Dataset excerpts
::::::::

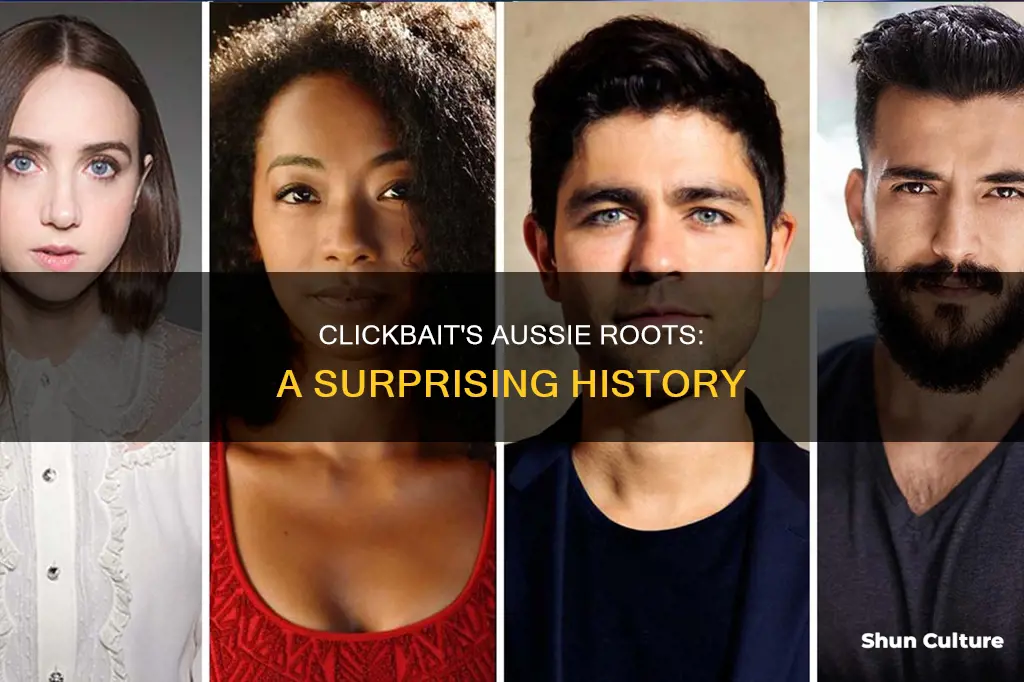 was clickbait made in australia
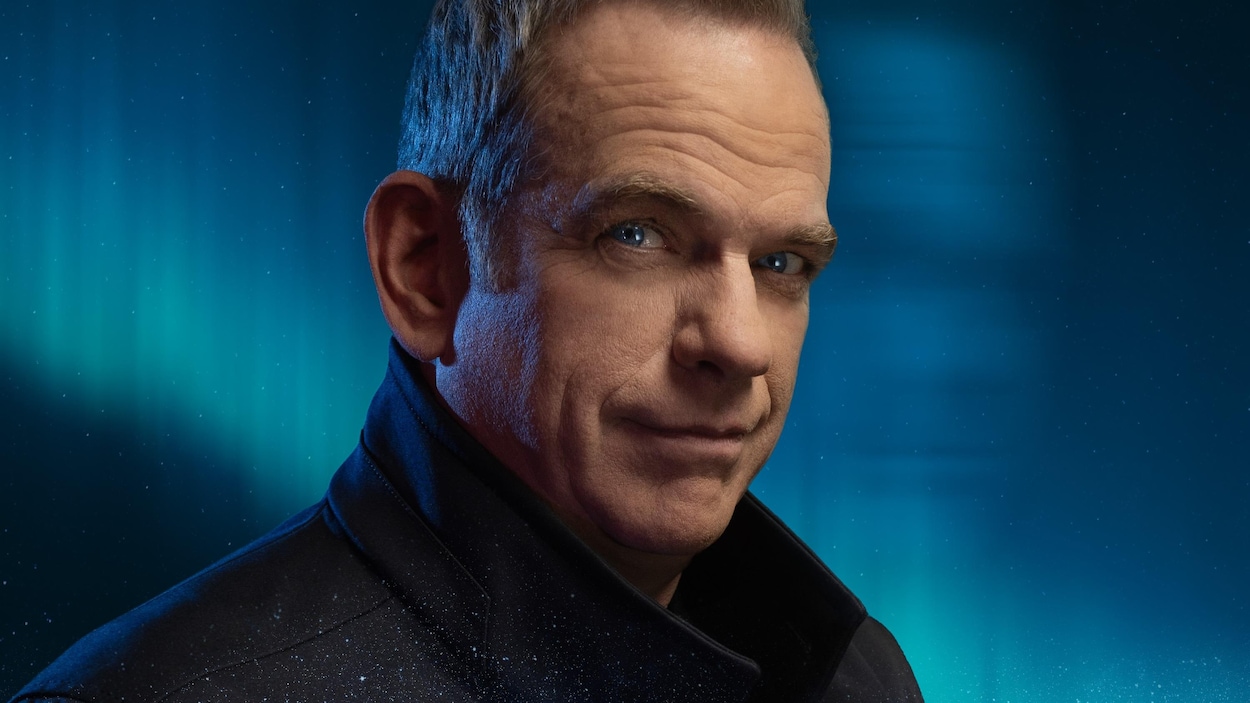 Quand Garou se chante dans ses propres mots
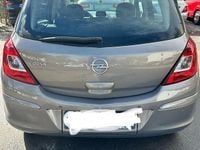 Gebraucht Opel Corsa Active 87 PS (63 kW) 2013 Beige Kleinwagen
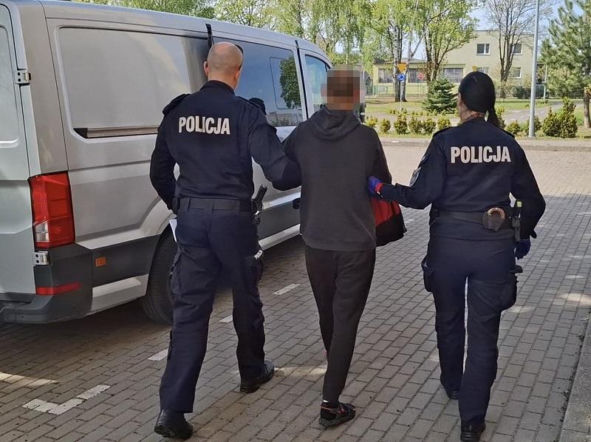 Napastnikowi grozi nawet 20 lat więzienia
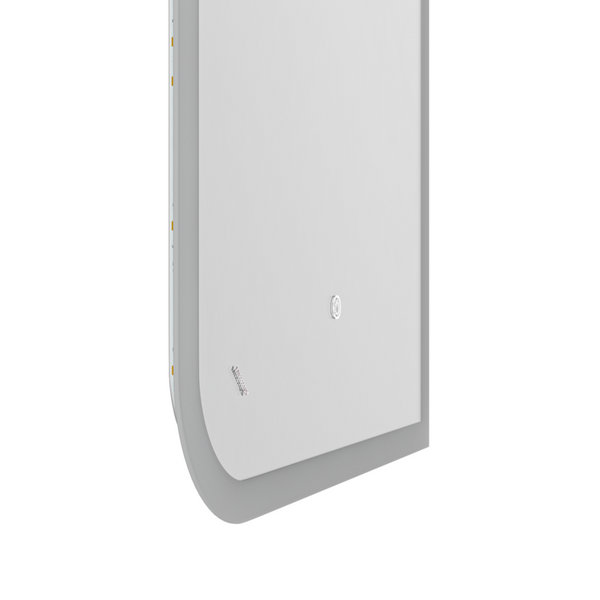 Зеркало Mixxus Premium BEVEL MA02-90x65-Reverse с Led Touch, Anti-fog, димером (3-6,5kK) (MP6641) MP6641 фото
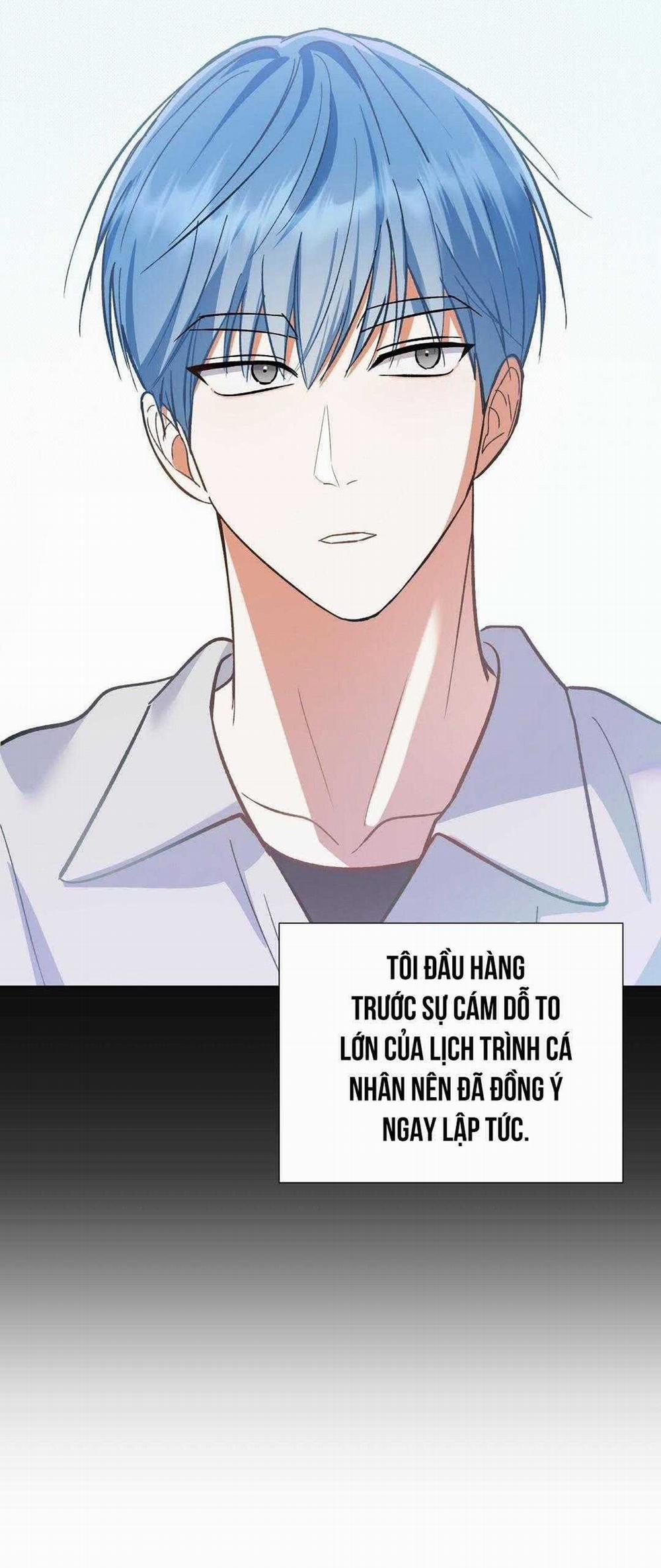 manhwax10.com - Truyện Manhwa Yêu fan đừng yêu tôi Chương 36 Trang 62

::::::::

Each line from the first line of the data above through the one containing "Зеркало Mixxus Premium" must be set down exactly; the pictures must not be.

- _Answer section_:
 was clickbait made in australia
 Quand Garou se chante dans ses propres mots
 Gebraucht Opel Corsa Active 87 PS (63 kW) 2013 Beige Kleinwagen
 Napastnikowi grozi nawet 20 lat więzienia
 Зеркало Mixxus Premium BEVEL MA02-90x65-Reverse с Led Touch, Anti-fog, димером (3-6,5kK) (MP6641) MP6641 фото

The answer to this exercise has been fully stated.